Records contained in a dataset:

________

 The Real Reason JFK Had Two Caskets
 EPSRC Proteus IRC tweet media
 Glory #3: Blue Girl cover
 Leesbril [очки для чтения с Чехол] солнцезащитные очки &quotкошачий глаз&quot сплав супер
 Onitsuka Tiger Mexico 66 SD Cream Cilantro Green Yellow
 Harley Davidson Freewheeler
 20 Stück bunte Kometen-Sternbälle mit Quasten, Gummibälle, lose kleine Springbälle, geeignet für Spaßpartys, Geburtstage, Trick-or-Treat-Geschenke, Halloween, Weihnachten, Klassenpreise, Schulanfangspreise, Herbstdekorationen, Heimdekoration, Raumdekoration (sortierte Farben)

________

▶ **What needs to be done**:
Take the entries above and return only the lines from the one with "Leesbril [очки для" to the one with "Harley Davidson Freewheeler", both included, unchanged.

▶ **Result of this task**:
 Leesbril [очки для чтения с Чехол] солнцезащитные очки &quotкошачий глаз&quot сплав супер
 Onitsuka Tiger Mexico 66 SD Cream Cilantro Green Yellow
 Harley Davidson Freewheeler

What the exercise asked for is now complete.